# Supplied records
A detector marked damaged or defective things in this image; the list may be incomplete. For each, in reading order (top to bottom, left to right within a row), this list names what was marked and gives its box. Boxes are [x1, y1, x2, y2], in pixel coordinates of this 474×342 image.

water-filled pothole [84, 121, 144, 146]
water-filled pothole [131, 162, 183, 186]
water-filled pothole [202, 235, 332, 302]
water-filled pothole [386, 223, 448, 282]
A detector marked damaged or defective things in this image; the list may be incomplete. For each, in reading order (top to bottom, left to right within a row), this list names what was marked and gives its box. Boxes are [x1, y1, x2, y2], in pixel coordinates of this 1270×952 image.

* * *

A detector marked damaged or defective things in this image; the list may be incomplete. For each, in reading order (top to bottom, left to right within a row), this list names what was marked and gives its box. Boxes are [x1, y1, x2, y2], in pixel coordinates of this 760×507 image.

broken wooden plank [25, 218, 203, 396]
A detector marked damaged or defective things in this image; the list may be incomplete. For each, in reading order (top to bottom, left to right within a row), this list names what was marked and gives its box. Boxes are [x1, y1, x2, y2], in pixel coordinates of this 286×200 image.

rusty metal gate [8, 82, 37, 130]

* * *

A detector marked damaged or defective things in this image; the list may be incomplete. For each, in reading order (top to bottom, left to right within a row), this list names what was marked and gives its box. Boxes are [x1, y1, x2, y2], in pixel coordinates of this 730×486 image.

# Task details
Referring to the material above, set down exactly the lines between the line with "this 474×342 image." and the line with "this 1270×952 image.", inclusive, and no other lines.

# Response below
A detector marked damaged or defective things in this image; the list may be incomplete. For each, in reading order (top to bottom, left to right within a row), this list names what was marked and gives its box. Boxes are [x1, y1, x2, y2], in pixel coordinates of this 474×342 image.

water-filled pothole [84, 121, 144, 146]
water-filled pothole [131, 162, 183, 186]
water-filled pothole [202, 235, 332, 302]
water-filled pothole [386, 223, 448, 282]
A detector marked damaged or defective things in this image; the list may be incomplete. For each, in reading order (top to bottom, left to right within a row), this list names what was marked and gives its box. Boxes are [x1, y1, x2, y2], in pixel coordinates of this 1270×952 image.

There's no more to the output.